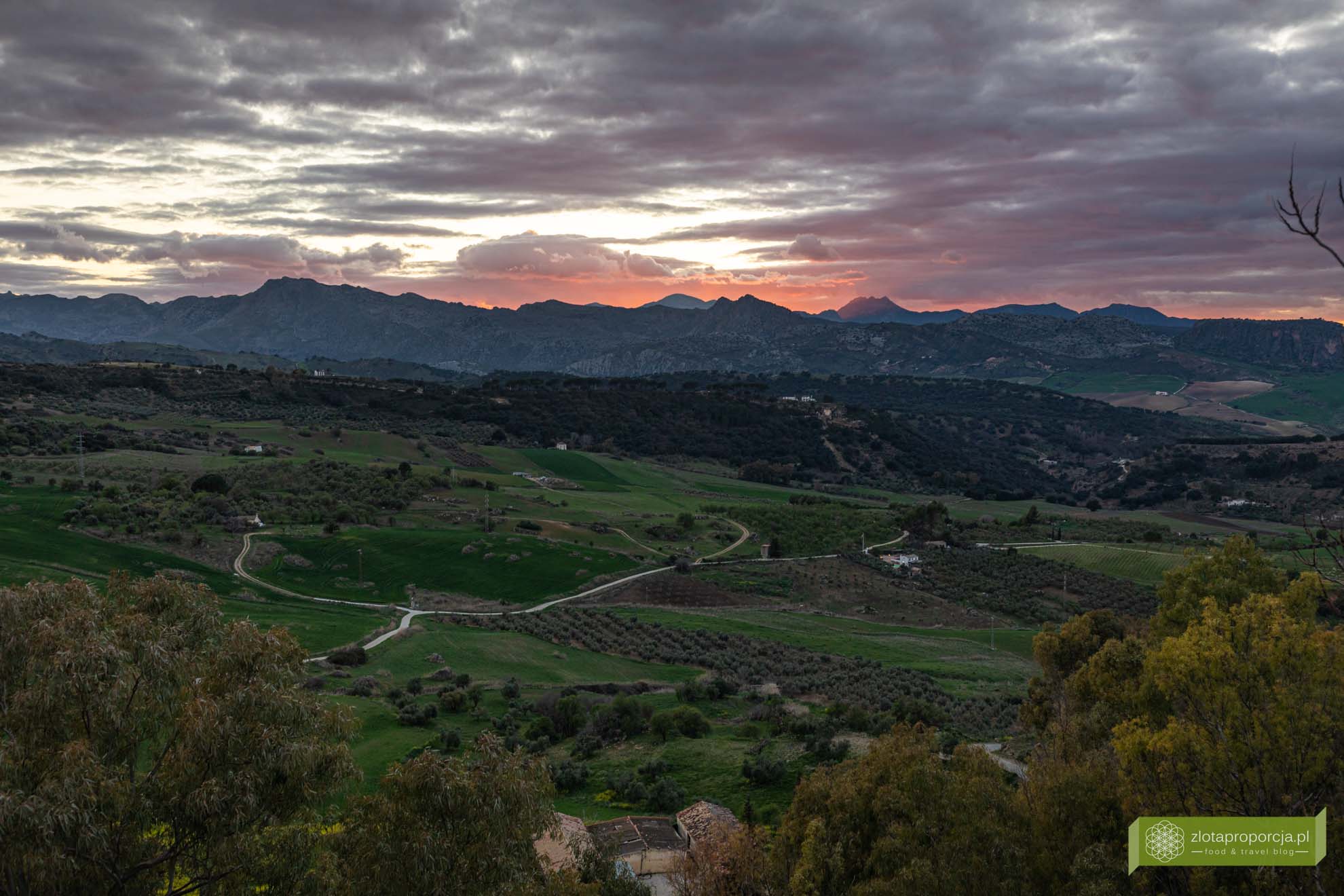 Andaluzja, Hiszpania; atrakcje Andaluzji; co zobaczyć w Andaluzji; Ronda; Ronda Andaluzja; Ronda atrakcje; Ronda co zobaczyć; Ronda most; Nowy Ronda zwiedzanie; Most Ronda;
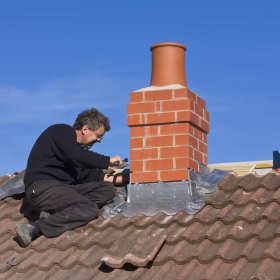 Czy warto zdecydować się na pełną obróbkę blacharską komina? Sprawdź, co na ten temat podpowiadają specjaliści z firmy dekarskiej Leszka Dybikowskiego!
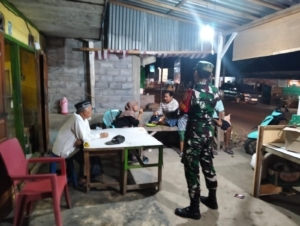 Ronda Malam di Desa Rada, Babinsa Tegaskan Bahaya Konsumsi Alkohol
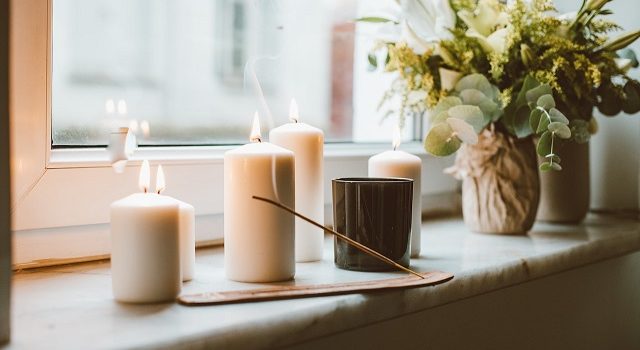 Huiles parfumées et encens naturels : pour favoriser son bien-être à la maison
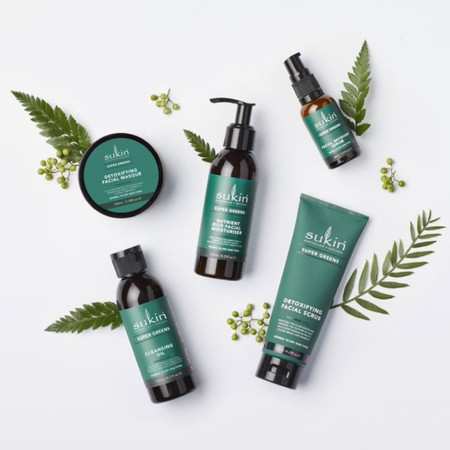 Sukin, SUPER GREENS, Detoksykujący scrub do twarzy, 125 ml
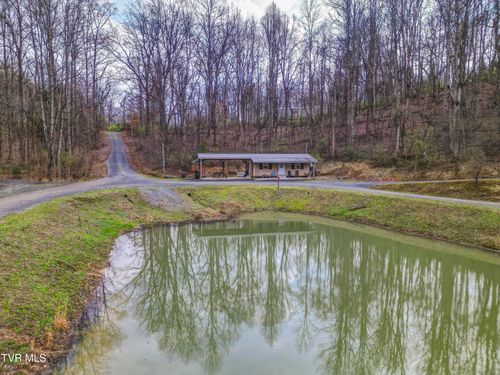 184 Davis Dr, Rogersville, TN, 37857-2982 | Card Image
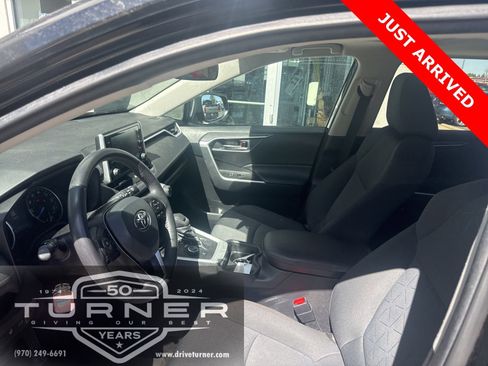 Used 2021 Toyota RAV4 XLE w/ Convenience Package AWD/4WD image 4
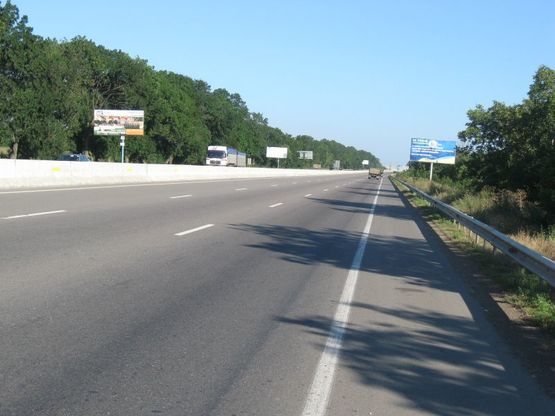 Фото рекламної площини за адресою Киевская трасса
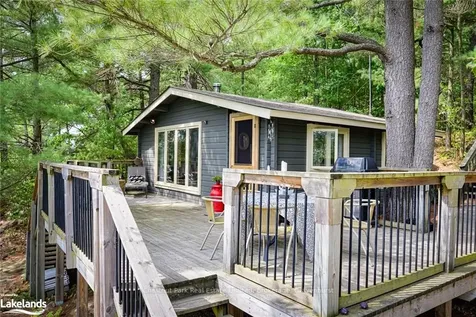 1079 Fire Route 11 N/a E Gravenhurst ON P1P 1R3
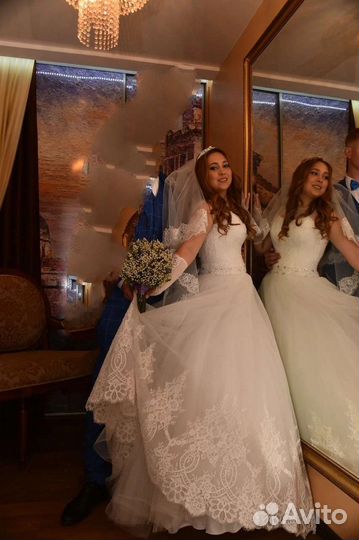 Свадебное платье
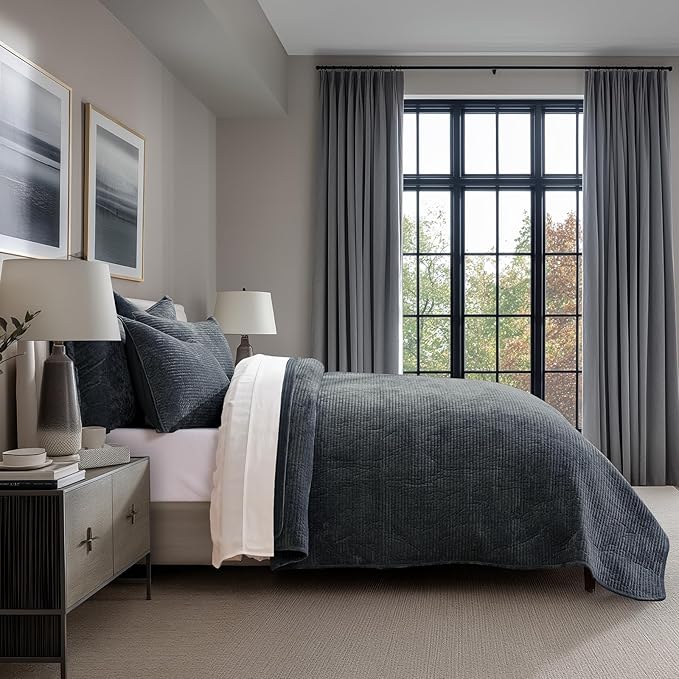 EverGrace Striped Channel Velvet Quilt Set, King Size, Midnight Blue | Luxurious Soft Lightweight Velvet Comforter, Oversized Bedspread Coverlet, Quilted Bedding Set for All Season, with 2 Shams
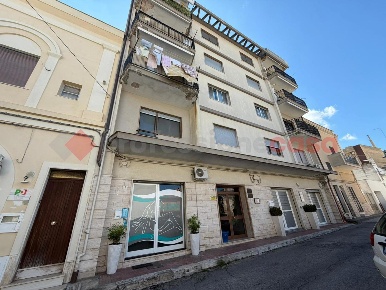 Foto Appartamento in Via delle mura 7, Crispiano di 189 m² con 4 locali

+===+

Retype, word for word, the line containing "Used 2021 Toyota" and each line after it through the end of the data, leaving any picture out.

 Used 2021 Toyota RAV4 XLE w/ Convenience Package AWD/4WD image 4
 Фото рекламної площини за адресою Киевская трасса
 1079 Fire Route 11 N/a E Gravenhurst ON P1P 1R3
 Свадебное платье
 EverGrace Striped Channel Velvet Quilt Set, King Size, Midnight Blue | Luxurious Soft Lightweight Velvet Comforter, Oversized Bedspread Coverlet, Quilted Bedding Set for All Season, with 2 Shams
 Foto Appartamento in Via delle mura 7, Crispiano di 189 m² con 4 locali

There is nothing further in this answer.